▶ WHAT TO PRODUCE
How does the data below read from its first line through the line containing "The Kentucky Derby"? Print those lines exactly.

Stored data:

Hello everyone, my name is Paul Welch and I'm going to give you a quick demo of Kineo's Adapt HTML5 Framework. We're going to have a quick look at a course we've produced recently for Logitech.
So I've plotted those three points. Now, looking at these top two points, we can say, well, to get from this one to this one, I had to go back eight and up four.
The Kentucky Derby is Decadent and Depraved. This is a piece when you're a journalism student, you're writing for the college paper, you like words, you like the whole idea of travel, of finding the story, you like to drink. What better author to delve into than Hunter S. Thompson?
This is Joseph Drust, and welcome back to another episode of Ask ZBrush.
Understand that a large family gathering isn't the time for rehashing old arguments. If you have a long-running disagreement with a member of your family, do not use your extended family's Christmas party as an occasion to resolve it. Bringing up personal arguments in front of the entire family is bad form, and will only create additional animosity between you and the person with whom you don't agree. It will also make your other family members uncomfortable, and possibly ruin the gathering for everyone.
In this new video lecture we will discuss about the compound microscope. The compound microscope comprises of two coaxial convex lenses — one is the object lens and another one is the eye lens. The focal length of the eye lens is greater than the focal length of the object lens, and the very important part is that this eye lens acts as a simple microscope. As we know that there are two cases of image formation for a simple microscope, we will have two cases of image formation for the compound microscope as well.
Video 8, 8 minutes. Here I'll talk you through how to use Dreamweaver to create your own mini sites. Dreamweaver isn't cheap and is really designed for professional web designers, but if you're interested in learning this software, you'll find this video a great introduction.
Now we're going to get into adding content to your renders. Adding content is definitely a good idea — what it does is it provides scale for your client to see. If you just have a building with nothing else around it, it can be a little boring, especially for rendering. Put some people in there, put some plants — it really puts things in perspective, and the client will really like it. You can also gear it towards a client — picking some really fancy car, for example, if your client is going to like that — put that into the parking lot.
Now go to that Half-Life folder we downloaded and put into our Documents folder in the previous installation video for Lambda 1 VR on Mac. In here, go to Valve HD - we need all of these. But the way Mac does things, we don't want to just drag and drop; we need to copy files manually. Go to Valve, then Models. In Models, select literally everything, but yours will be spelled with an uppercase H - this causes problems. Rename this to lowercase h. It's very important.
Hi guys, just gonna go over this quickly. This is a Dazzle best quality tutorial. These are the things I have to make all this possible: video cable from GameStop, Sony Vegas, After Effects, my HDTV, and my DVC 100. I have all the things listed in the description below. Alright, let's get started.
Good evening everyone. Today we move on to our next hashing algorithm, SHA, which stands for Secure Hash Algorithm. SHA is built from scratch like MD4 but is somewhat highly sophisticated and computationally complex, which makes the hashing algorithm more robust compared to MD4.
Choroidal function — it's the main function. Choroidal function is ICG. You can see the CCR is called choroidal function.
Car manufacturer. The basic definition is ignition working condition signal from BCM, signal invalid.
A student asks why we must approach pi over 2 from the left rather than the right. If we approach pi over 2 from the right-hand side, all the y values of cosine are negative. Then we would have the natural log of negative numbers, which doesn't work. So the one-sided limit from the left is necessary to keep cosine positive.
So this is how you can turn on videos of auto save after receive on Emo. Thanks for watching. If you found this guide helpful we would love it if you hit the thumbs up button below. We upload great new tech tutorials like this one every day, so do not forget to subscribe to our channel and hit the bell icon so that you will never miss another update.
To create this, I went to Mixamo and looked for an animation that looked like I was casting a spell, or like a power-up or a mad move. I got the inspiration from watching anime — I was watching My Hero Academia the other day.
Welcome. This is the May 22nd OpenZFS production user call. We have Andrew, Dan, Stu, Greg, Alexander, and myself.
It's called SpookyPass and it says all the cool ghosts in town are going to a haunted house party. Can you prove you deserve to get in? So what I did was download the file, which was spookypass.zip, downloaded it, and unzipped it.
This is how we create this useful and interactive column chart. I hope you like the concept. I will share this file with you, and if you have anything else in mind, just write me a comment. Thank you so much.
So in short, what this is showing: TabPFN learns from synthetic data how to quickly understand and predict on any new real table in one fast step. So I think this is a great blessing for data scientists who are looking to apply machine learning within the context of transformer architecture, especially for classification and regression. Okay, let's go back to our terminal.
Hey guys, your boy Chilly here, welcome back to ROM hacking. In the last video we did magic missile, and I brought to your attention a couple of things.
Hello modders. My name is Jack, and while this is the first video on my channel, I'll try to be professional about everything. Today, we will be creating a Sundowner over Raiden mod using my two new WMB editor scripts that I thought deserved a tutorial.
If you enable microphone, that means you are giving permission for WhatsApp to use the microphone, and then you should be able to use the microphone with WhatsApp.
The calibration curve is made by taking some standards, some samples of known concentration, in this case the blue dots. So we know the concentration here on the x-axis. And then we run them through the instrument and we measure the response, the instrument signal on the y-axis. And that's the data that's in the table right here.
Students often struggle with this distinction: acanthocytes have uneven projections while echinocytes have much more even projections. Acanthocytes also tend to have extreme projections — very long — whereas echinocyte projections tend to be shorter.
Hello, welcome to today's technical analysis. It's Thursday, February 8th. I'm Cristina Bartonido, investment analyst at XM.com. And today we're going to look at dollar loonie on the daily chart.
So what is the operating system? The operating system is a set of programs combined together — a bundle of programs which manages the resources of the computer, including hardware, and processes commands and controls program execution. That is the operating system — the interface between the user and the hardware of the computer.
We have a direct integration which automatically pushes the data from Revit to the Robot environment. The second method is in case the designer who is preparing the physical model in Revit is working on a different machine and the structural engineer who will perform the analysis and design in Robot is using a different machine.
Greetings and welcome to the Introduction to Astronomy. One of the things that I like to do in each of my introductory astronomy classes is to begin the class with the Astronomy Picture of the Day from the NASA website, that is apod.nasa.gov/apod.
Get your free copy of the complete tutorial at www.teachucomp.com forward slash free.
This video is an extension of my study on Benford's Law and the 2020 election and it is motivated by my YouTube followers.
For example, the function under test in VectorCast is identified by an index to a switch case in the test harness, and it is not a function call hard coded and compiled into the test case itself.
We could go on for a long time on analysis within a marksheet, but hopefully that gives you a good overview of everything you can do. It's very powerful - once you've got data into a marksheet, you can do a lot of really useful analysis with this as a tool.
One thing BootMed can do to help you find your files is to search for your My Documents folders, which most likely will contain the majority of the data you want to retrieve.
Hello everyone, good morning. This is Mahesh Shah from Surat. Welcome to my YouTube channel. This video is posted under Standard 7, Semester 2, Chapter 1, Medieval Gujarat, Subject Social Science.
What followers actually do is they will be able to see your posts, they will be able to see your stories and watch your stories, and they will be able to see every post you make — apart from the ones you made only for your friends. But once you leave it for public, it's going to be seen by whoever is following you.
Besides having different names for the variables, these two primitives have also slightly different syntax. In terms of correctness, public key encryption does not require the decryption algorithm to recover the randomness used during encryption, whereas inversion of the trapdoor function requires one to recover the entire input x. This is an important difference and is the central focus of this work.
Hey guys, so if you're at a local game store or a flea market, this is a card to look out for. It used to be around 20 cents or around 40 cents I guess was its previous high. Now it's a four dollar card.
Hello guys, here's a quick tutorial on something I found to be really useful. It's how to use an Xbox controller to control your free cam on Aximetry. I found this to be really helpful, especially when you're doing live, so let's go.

▶ RESULT FOR THIS TASK
Hello everyone, my name is Paul Welch and I'm going to give you a quick demo of Kineo's Adapt HTML5 Framework. We're going to have a quick look at a course we've produced recently for Logitech.
So I've plotted those three points. Now, looking at these top two points, we can say, well, to get from this one to this one, I had to go back eight and up four.
The Kentucky Derby is Decadent and Depraved. This is a piece when you're a journalism student, you're writing for the college paper, you like words, you like the whole idea of travel, of finding the story, you like to drink. What better author to delve into than Hunter S. Thompson?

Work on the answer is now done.